Task instructions = What you return should be the complete data below, word for word, with no pictures in it.
※ ※ ※
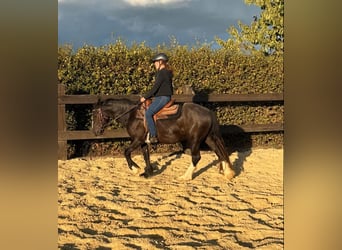 Tinker, Stute, 3 Jahre, 147 cm, Rappe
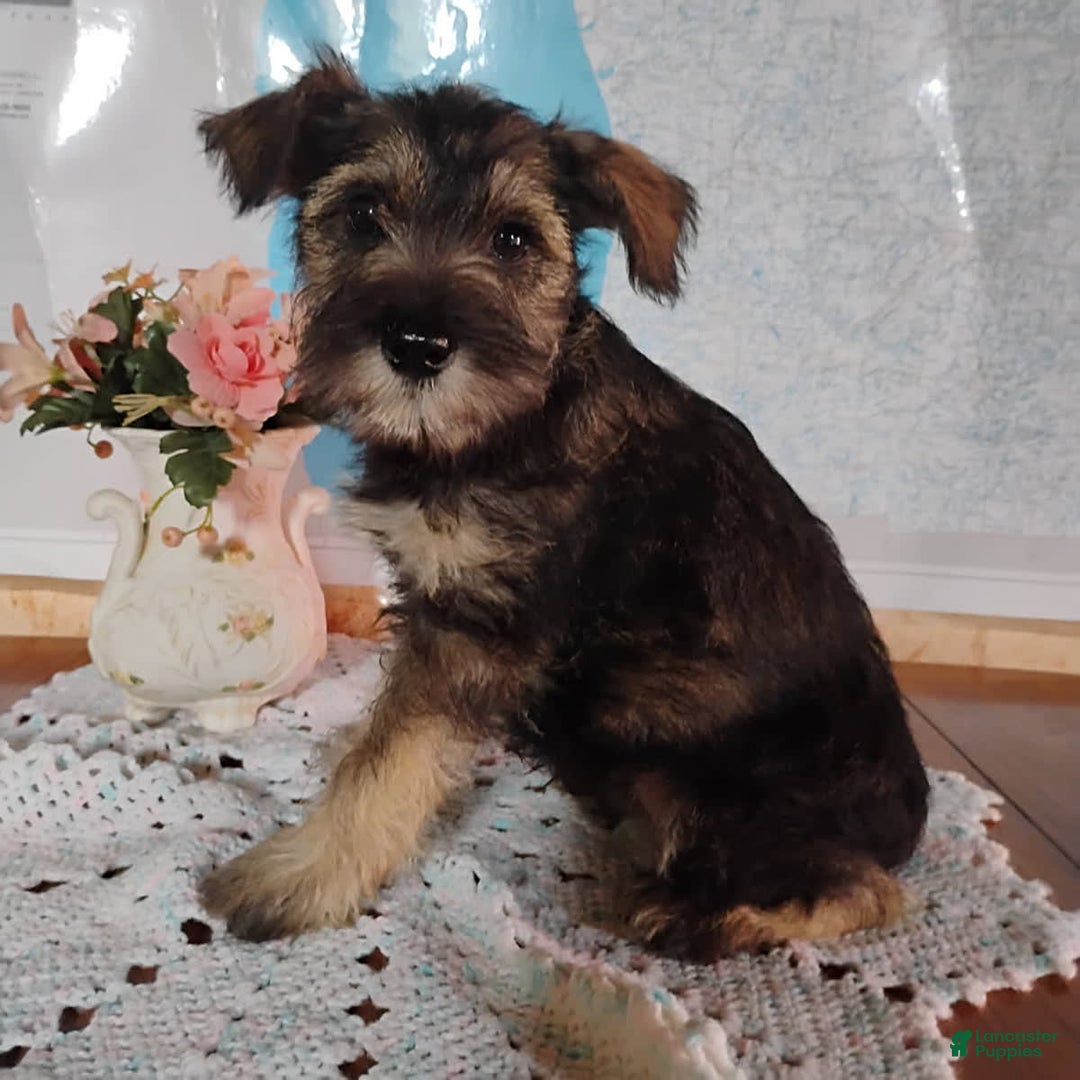 Miniature Schnauzer dogs for sale: Cody - Image 5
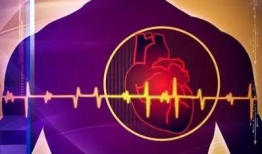 心脏跳动的视频,揭秘心脏跳动的奥秘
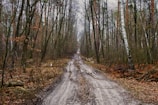 A dirt road in the middle of a forest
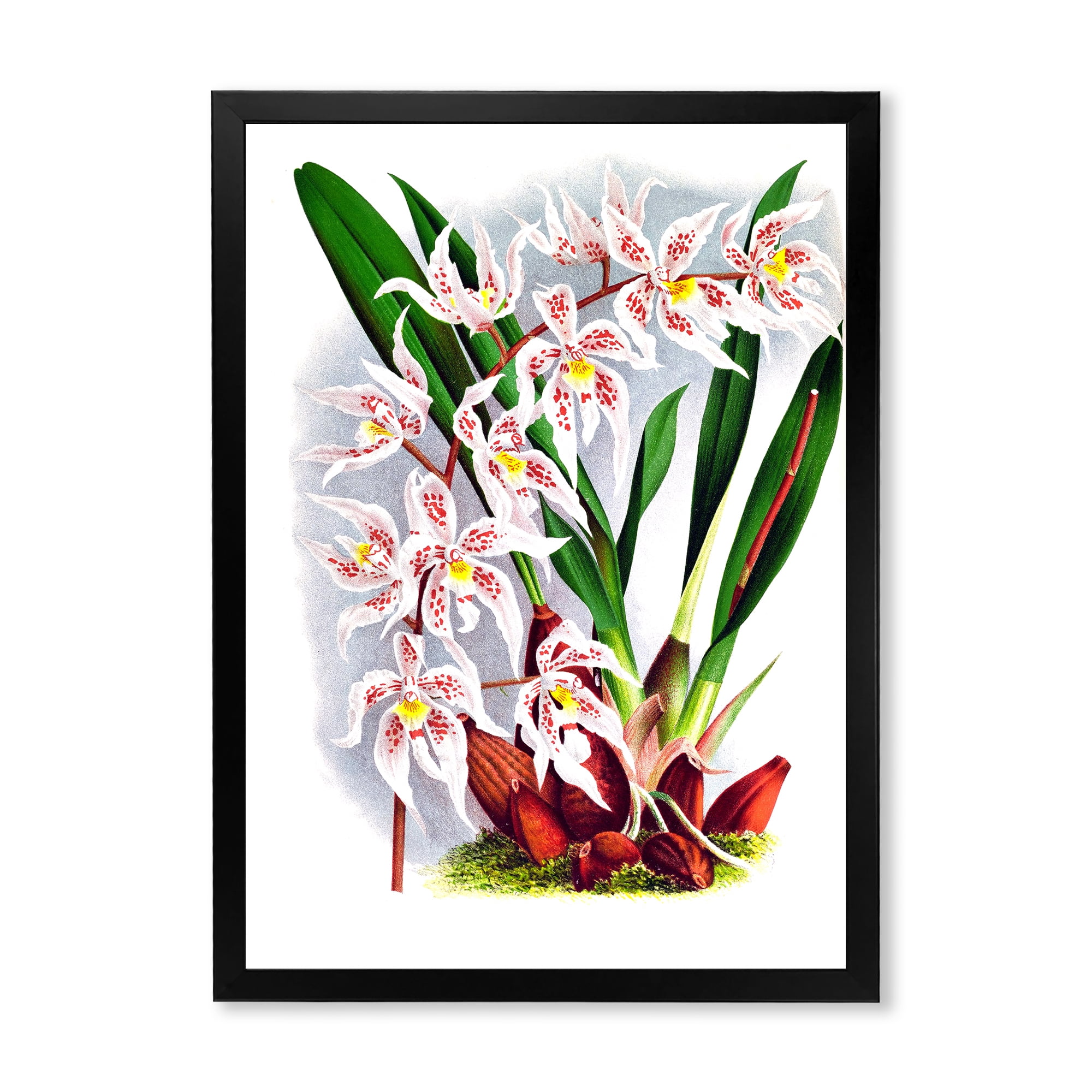 Designart 'White Vintage Orchid Flower II' Traditional Framed Art Print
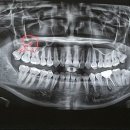맑은미소치과의원 이미지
※ ※ ※
Task response =
 Tinker, Stute, 3 Jahre, 147 cm, Rappe
 Miniature Schnauzer dogs for sale: Cody - Image 5
 心脏跳动的视频,揭秘心脏跳动的奥秘
 A dirt road in the middle of a forest
 Designart 'White Vintage Orchid Flower II' Traditional Framed Art Print
맑은미소치과의원 이미지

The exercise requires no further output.